The idea is that for content like:
{
"_id": 124,
"name": "Bob Burger",
"phone": {
"home": "555-123-4567",
"work": "555-111-2222"
}
}
we can extract contents by specifying inclusion paths like:
name, phone.home
which results in constructing indexable text blob of:
Bob Burger 555-123-4567
and for this specific case, we could do that by:
JsonFieldExtractorFactory f = JsonFieldExtractorFactory.construct(new ObjectMapper());
JsonFieldExtractor extr = f.buildExtractor("name, phone.home");
String json = "..."; // get JSON from somewhere
String toIndex = extr.extractAsString(json).get(); // Optional.empty() if not JSON
assertThat(toIndex).isEqualTo("Bob Burger 555-123-4567 "); // note trailing space
Instances of JsonFeidlExtractorFactory
and JsonFieldExtractor
are thread-safe and can be shared between threads.
They should be cached as much as possible: for former a Singleton is enough, and for latter, a size-bound
cache (like Caffeine
) keyed by field definition String
is recommended; this avoids processing to build token filter
(which should not be particularly expensive but is not free either).
Internally the implementation is based on Jackson's JsonParser
configured with a JsonToken
constructed from
inclusion path definition.
As such read performance should be close to that of basic JSON decoding with little extra overhead.
Output aggregation is simple text aggregation using StringWriter
, although if output is needed as ByteBuffer
,
additional UTF-8 encoding overhead is incurred.
Project includes JMH based micro-benchmarks for comparing performance of extraction to that of basic JSON decoding.
Sample results below are run on my dev laptop (MacBoo Pro, 6-core 2.6 Ghz) and JDK 17.
Benchmark that uses example JSON document of 2164 bytes (2.1Kb) and extracts contents as String
(for extraction cases):
Benchmark Mode Cnt Score Error Units
BenchmarkDocsApi.jsonReadAndExtractMost thrpt 9 140044.517 ± 5051.514 ops/s
BenchmarkDocsApi.jsonReadAndExtractTiny thrpt 9 182548.624 ± 12296.384 ops/s
BenchmarkDocsApi.jsonReadTree thrpt 9 124324.194 ± 4962.277 ops/s
BenchmarkDocsApi.jsonScanOnly thrpt 9 224189.990 ± 9225.558 ops/s
in this case we get average throughput numbers as follows:
- 225,000 documents (450 MB) per second per core for basic JSON scanning (skipping through tokens, not accessing values)
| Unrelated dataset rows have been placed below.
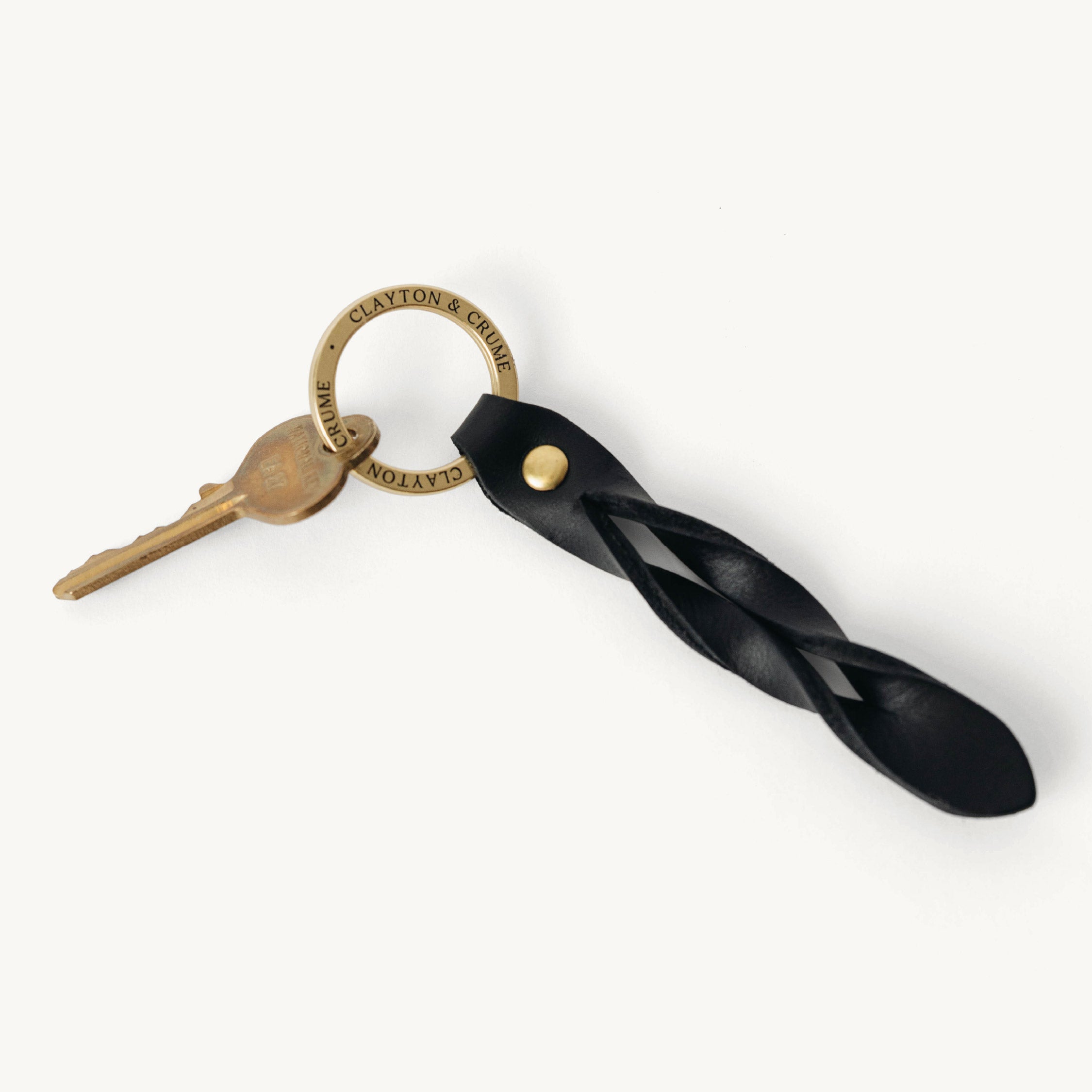 BraidedKeyStrap_Black_Max_WBG_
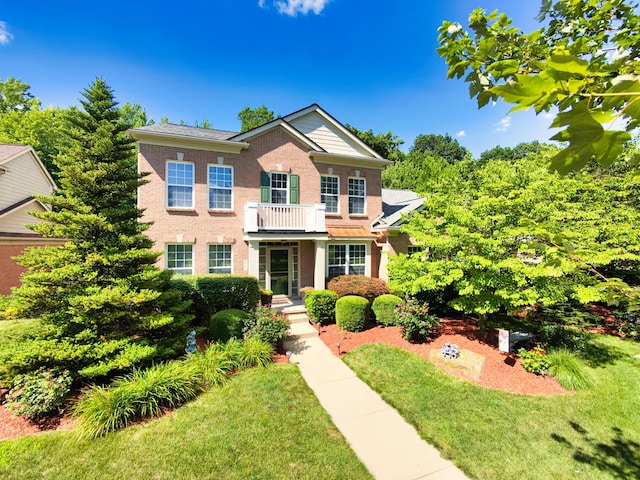 49660 Great Falls Rd, Canton, MI 48188 - photo 46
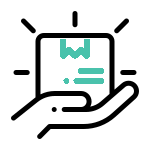 تولید-محصول-طبق-درخواست-مشتری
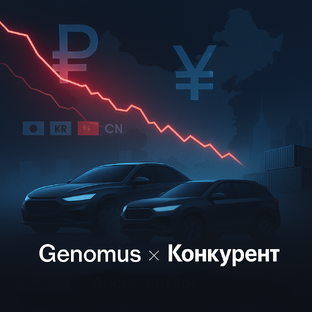 ✅ Автоновости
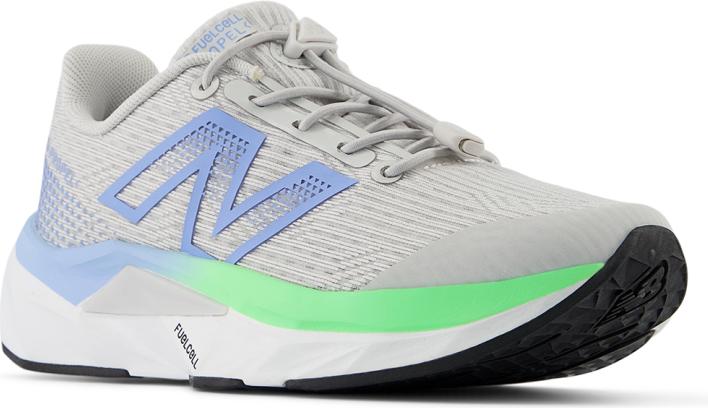 Actual product image New Balance PAFCPRF5 Kids Fuel Cell Propel v5 Bungee (31)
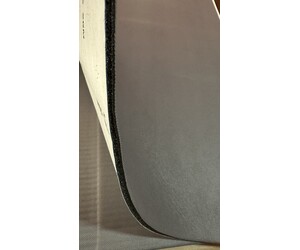 VIBROFILTR LITE SGM 6mm 500mm x 800mm 2 Sqm Package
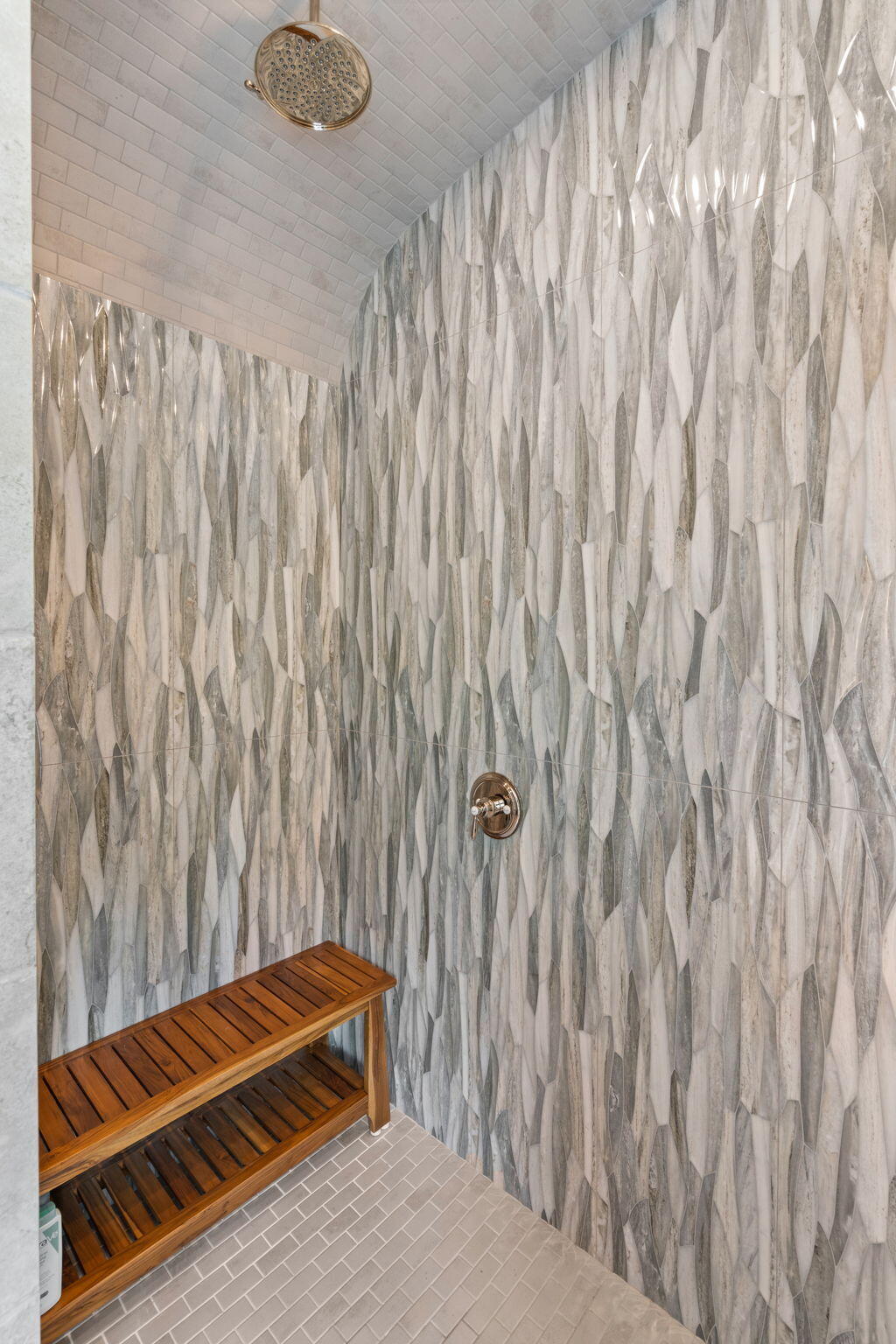 5705 South Castlebay Drive Property Photo 52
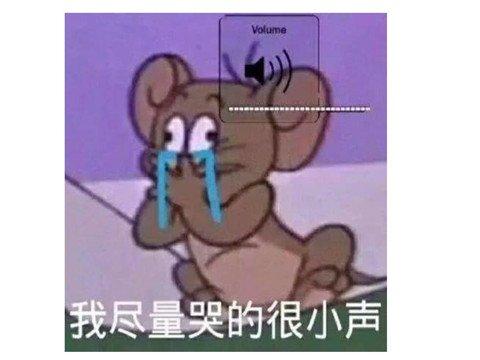 奥汀三国群英传手机版单机(奥丁科技所有单机游戏)插图23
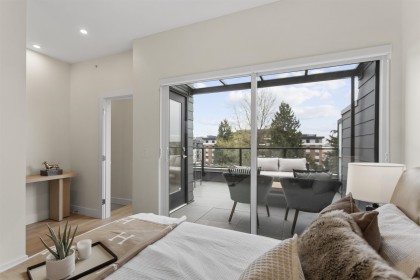 Photo 24 at 311 - 342 Mountain Highway, Lynnmour, North Vancouver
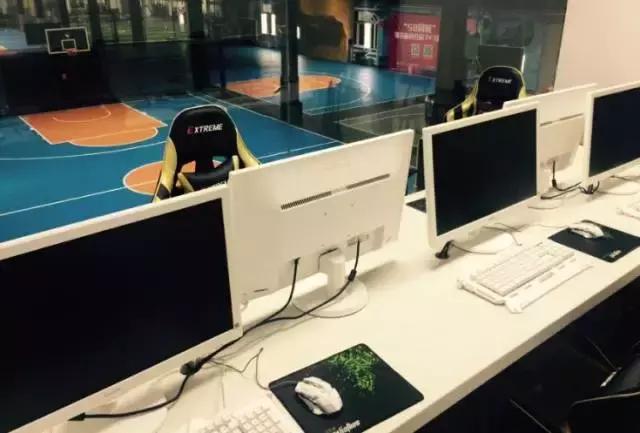 苏州篮球圣地,苏州后起之秀篮球圣地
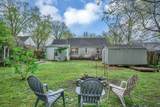 1306 Mercury Dr - Photo 23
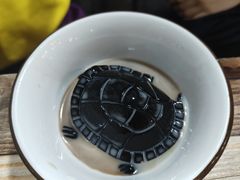 -东鸽皇(奥园·中环广场店)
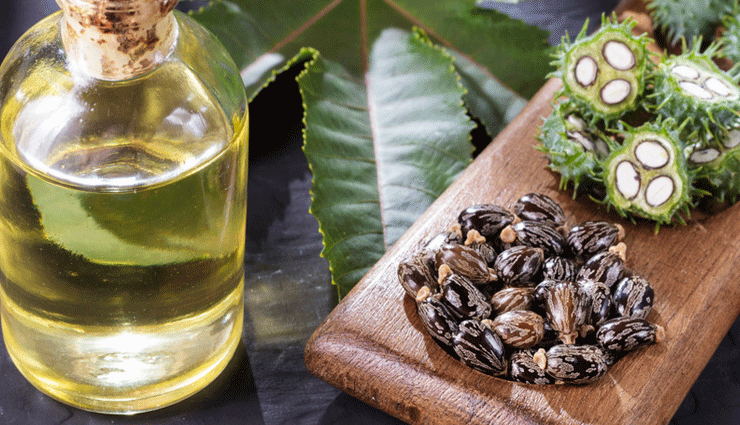 toddler constipation remedies,home remedies for constipated toddlers,natural remedies for toddler constipation,constipation relief for toddlers,remedies to treat toddler constipation,toddler constipation treatment at home,toddler bowel movement remedies,natural ways to ease toddler constipation,relieving constipation in young children,toddler constipation home treatments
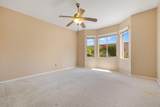 37818 Turnberry Isle Drive - Photo 30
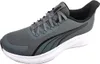 Sportschuh Running Dasher Lite SlipTech Produktbild-Vorschau 3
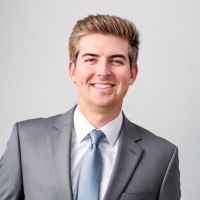 Connor Nannen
- 182,500 documents (365 MB) per second per core when extracting small amounts (2 unrelated subtrees, 5 leaf values)
- 140,000 documents (280 MB) per second per core when extracting larger amounts (about half the document; dozens of leaf values)
- 125,000 documents (250 MB) per second per core when building (but not processing) in-memory Tree representation (access all leaf values)